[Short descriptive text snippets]

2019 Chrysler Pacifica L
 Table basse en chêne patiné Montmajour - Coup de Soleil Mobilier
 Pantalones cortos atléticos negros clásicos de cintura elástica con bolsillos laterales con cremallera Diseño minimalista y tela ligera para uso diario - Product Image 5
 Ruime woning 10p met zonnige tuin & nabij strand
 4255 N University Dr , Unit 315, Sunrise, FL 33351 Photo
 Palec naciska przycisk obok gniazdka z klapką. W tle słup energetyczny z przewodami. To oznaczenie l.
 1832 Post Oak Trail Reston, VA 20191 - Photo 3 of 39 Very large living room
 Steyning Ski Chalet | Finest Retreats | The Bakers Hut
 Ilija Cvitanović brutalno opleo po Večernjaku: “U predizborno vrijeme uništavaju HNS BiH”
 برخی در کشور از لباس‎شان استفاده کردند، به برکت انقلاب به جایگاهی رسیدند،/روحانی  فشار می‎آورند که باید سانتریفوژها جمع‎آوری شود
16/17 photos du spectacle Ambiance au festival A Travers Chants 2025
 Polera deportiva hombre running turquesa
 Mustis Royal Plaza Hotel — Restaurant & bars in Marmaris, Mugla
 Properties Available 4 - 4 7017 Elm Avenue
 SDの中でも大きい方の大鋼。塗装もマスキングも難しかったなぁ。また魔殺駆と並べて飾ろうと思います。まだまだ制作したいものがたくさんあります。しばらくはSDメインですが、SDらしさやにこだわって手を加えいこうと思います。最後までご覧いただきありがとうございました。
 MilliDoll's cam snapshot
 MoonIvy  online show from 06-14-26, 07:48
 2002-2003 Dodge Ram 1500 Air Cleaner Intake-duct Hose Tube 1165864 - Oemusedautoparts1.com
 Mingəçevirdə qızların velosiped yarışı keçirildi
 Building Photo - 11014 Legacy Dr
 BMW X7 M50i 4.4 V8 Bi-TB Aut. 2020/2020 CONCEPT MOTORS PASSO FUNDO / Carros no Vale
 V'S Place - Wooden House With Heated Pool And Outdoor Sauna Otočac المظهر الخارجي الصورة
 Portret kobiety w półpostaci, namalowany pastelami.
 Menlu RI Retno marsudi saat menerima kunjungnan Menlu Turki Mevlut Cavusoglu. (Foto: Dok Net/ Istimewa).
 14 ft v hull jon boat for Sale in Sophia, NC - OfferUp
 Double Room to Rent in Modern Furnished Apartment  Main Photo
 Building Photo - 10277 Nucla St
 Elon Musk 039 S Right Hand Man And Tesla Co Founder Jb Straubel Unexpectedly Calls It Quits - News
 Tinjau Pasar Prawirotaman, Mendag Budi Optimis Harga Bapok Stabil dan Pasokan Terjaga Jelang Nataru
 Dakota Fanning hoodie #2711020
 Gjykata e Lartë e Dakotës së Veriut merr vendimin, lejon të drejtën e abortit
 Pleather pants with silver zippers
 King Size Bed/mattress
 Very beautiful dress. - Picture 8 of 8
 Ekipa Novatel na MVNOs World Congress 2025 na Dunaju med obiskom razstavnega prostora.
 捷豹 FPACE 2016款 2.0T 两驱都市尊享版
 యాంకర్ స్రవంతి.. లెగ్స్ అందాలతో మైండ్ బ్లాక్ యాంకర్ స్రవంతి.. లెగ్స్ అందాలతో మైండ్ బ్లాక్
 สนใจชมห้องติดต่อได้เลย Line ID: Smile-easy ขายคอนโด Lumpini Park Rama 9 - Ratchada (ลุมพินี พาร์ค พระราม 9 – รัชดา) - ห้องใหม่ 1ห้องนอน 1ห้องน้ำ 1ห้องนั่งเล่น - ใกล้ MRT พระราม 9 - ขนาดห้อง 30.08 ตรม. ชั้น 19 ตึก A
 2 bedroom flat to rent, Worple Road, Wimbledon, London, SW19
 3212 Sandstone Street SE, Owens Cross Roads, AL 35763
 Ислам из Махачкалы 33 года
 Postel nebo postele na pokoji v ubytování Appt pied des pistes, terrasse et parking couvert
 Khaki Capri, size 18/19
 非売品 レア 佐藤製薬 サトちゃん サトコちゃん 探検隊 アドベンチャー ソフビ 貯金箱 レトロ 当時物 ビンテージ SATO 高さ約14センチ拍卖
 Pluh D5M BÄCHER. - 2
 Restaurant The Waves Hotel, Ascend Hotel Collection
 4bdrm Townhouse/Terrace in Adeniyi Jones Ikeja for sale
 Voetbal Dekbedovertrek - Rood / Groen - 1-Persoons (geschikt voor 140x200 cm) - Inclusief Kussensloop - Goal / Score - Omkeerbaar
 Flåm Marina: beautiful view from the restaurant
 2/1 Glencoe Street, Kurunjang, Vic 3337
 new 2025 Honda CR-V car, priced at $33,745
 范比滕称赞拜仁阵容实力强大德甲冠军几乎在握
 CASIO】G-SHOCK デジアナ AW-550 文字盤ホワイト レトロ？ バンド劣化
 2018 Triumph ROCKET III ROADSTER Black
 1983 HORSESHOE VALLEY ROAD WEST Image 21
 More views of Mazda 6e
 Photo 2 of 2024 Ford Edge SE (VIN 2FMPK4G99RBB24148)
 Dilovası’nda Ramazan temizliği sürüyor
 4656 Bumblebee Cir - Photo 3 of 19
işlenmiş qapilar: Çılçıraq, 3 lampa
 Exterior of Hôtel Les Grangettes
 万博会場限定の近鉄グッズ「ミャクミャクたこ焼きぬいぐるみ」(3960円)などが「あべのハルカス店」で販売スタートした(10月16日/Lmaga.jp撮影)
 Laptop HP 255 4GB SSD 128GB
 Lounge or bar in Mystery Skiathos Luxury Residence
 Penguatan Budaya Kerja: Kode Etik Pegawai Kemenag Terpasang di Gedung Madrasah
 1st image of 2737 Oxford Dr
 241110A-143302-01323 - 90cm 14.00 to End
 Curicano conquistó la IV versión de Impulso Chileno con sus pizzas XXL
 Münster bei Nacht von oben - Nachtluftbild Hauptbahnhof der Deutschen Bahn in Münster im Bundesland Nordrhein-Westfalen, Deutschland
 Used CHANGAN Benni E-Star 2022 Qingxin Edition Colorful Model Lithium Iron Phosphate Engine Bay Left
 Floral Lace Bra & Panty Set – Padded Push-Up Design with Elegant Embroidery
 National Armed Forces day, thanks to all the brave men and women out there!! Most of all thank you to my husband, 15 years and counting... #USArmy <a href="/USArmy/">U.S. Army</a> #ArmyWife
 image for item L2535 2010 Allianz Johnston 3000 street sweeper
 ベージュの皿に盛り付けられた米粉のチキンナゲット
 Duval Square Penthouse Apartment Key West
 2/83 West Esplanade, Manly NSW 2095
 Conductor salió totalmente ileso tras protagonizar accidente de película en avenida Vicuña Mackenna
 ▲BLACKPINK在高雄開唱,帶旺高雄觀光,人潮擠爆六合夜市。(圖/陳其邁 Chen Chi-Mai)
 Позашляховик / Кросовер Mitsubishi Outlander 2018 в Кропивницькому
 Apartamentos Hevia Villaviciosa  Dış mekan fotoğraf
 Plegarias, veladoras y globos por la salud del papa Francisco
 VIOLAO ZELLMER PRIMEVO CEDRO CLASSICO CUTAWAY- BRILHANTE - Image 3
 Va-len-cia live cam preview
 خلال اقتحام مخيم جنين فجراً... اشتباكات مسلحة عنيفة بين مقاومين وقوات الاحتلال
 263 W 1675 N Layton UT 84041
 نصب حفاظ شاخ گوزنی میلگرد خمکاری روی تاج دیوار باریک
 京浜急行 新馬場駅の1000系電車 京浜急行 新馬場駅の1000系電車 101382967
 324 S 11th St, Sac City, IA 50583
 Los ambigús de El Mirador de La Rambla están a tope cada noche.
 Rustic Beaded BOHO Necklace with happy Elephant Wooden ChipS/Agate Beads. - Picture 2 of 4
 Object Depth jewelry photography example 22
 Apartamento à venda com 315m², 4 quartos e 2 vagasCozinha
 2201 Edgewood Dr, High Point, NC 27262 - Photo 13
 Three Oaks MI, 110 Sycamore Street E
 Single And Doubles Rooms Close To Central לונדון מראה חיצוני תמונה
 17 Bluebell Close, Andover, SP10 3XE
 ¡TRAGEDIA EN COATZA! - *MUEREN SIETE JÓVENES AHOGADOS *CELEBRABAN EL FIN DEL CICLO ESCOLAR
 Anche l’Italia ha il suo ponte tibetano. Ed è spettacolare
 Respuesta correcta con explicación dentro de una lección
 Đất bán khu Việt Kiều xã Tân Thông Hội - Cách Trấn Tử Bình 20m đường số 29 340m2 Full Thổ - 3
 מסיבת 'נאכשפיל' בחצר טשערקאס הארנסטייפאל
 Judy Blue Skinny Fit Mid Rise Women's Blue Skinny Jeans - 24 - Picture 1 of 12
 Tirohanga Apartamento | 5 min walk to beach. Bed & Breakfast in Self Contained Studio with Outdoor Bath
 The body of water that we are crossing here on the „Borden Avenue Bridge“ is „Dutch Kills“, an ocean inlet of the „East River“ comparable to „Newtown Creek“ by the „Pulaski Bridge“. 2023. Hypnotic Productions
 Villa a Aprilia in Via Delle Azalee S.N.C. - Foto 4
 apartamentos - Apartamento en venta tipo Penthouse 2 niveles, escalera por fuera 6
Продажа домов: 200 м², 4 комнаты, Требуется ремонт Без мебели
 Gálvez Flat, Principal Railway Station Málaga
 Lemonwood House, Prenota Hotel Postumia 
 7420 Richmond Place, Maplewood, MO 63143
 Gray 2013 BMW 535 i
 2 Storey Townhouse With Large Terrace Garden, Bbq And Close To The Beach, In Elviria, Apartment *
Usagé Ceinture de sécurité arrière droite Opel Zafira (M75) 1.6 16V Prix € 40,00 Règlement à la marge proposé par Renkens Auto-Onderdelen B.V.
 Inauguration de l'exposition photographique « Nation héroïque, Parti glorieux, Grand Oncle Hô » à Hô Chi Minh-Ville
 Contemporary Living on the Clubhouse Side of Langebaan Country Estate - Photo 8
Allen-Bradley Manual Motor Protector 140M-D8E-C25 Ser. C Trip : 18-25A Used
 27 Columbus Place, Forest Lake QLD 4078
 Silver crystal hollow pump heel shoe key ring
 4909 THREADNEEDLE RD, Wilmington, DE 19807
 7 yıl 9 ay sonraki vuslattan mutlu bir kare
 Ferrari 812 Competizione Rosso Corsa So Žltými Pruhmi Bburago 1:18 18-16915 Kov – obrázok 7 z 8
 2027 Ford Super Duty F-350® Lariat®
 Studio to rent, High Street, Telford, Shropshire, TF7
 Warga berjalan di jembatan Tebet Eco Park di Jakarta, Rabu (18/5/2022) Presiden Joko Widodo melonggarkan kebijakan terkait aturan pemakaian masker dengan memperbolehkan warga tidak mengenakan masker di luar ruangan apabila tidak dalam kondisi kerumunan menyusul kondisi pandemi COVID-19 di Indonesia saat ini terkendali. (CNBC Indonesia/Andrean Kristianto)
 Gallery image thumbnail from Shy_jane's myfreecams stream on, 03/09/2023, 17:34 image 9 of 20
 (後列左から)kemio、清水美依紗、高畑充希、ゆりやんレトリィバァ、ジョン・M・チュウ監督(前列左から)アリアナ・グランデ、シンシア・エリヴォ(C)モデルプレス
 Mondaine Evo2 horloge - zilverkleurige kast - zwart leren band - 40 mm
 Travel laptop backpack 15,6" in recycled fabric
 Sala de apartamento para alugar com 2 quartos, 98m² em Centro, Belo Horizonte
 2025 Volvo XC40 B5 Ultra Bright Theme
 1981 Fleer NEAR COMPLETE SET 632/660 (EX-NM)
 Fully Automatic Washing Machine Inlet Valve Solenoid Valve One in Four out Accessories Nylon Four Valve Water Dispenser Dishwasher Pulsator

*WORK INSTRUCTIONS:* Send back the lines of the records word for word, from the very first through the line containing "Properties Available 4 - 4 7017 Elm Avenue".

*RESULT:*
2019 Chrysler Pacifica L
 Table basse en chêne patiné Montmajour - Coup de Soleil Mobilier
 Pantalones cortos atléticos negros clásicos de cintura elástica con bolsillos laterales con cremallera Diseño minimalista y tela ligera para uso diario - Product Image 5
 Ruime woning 10p met zonnige tuin & nabij strand
 4255 N University Dr , Unit 315, Sunrise, FL 33351 Photo
 Palec naciska przycisk obok gniazdka z klapką. W tle słup energetyczny z przewodami. To oznaczenie l.
 1832 Post Oak Trail Reston, VA 20191 - Photo 3 of 39 Very large living room
 Steyning Ski Chalet | Finest Retreats | The Bakers Hut
 Ilija Cvitanović brutalno opleo po Večernjaku: “U predizborno vrijeme uništavaju HNS BiH”
 برخی در کشور از لباس‎شان استفاده کردند، به برکت انقلاب به جایگاهی رسیدند،/روحانی  فشار می‎آورند که باید سانتریفوژها جمع‎آوری شود
16/17 photos du spectacle Ambiance au festival A Travers Chants 2025
 Polera deportiva hombre running turquesa
 Mustis Royal Plaza Hotel — Restaurant & bars in Marmaris, Mugla
 Properties Available 4 - 4 7017 Elm Avenue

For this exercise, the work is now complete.